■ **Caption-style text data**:
>>

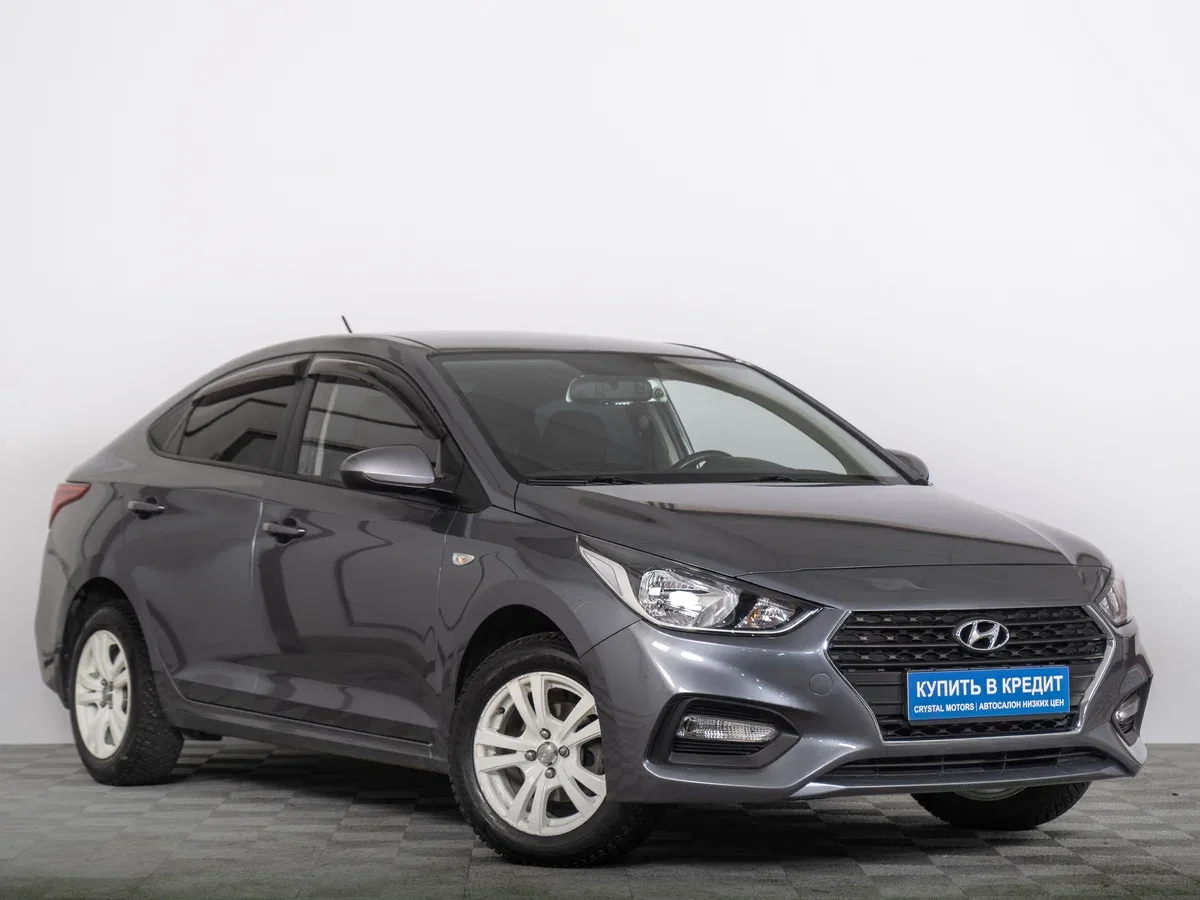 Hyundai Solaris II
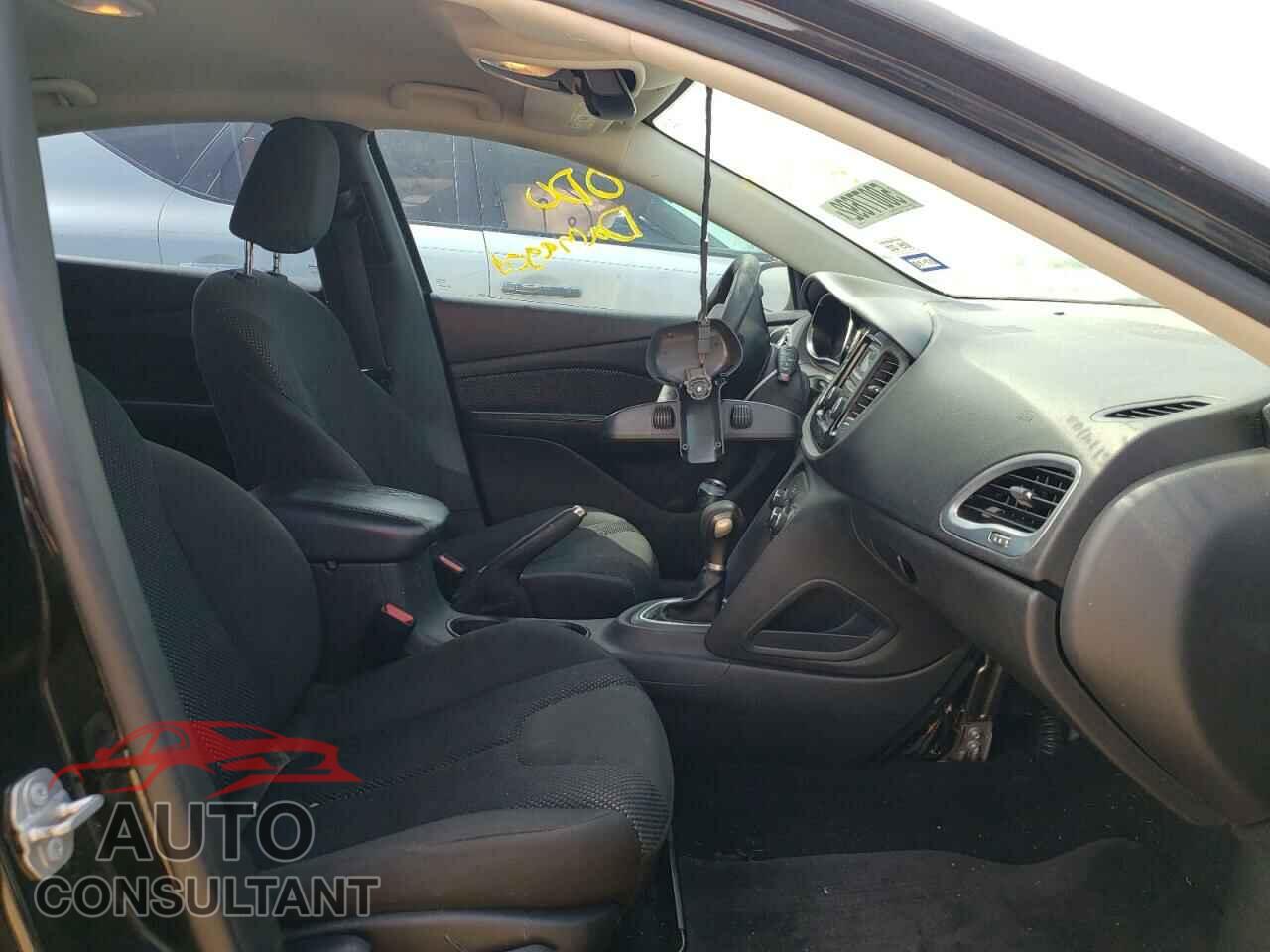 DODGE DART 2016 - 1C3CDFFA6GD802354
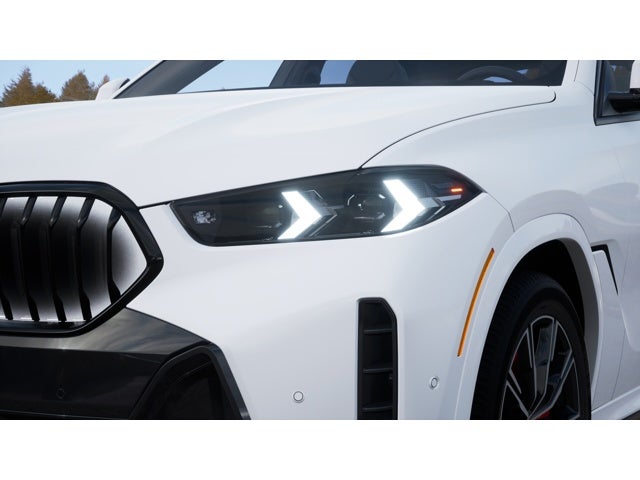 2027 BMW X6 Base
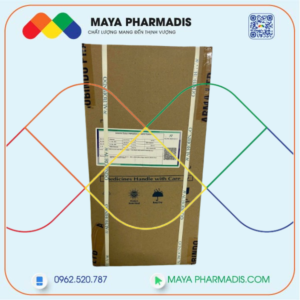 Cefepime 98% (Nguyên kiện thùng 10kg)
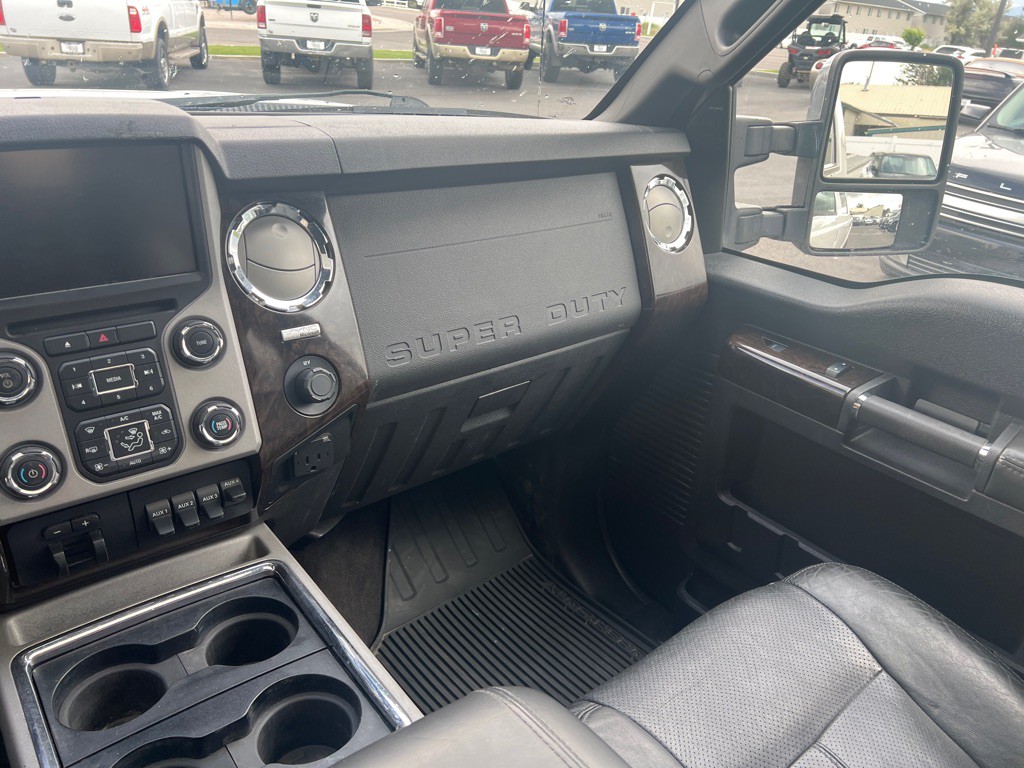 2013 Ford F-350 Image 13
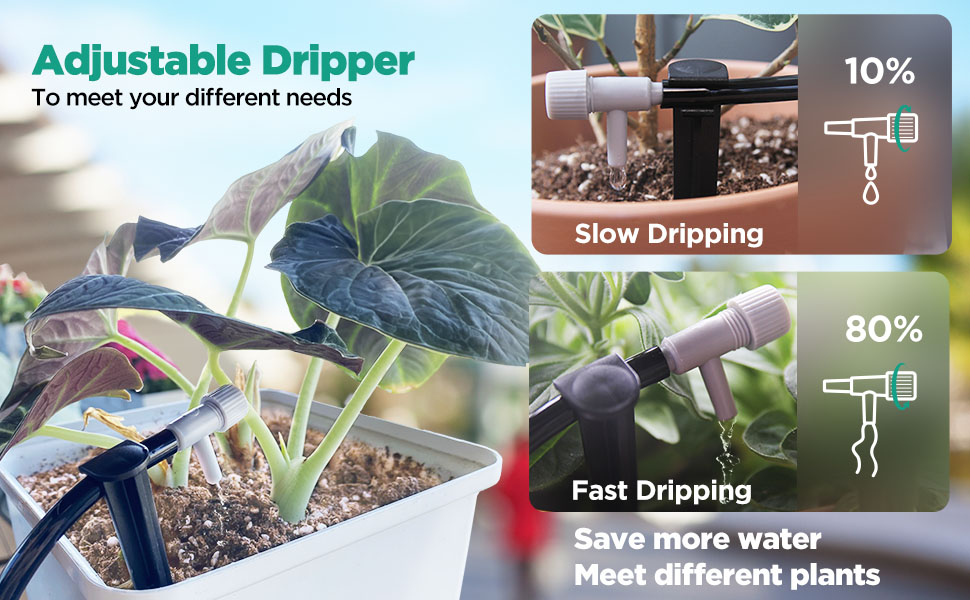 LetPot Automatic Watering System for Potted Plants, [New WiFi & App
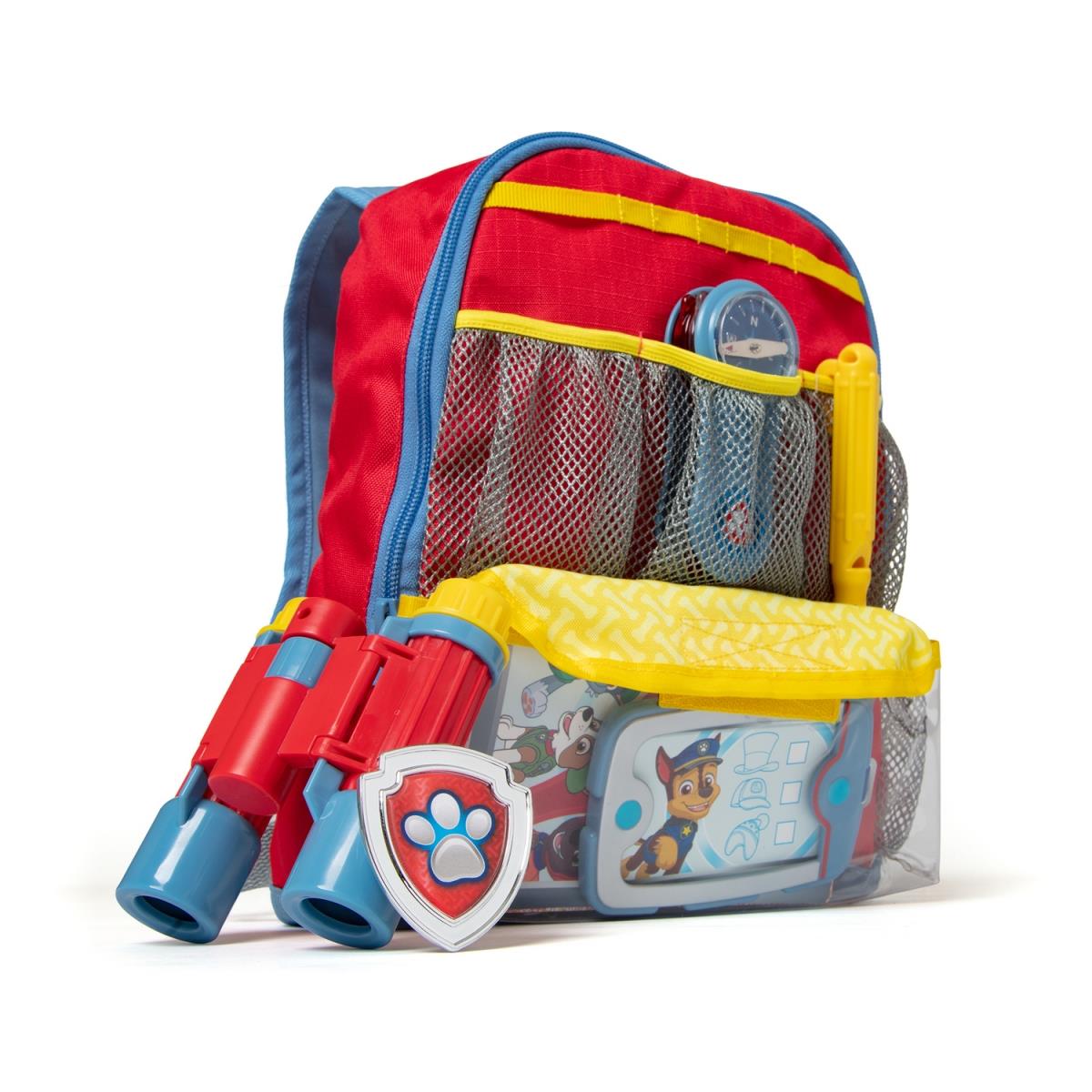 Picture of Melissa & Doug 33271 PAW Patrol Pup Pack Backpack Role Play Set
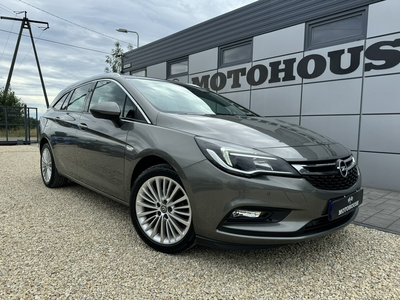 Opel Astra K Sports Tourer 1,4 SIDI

<<

■ **WHAT YOU NEED TO DO**:
The required output is each record above, reproduced exactly, without its pictures.

■ **WORKED SOLUTION**:
 Hyundai Solaris II
 DODGE DART 2016 - 1C3CDFFA6GD802354
 2027 BMW X6 Base
 Cefepime 98% (Nguyên kiện thùng 10kg)
 2013 Ford F-350 Image 13
 LetPot Automatic Watering System for Potted Plants, [New WiFi & App
 Picture of Melissa & Doug 33271 PAW Patrol Pup Pack Backpack Role Play Set
 Opel Astra K Sports Tourer 1,4 SIDI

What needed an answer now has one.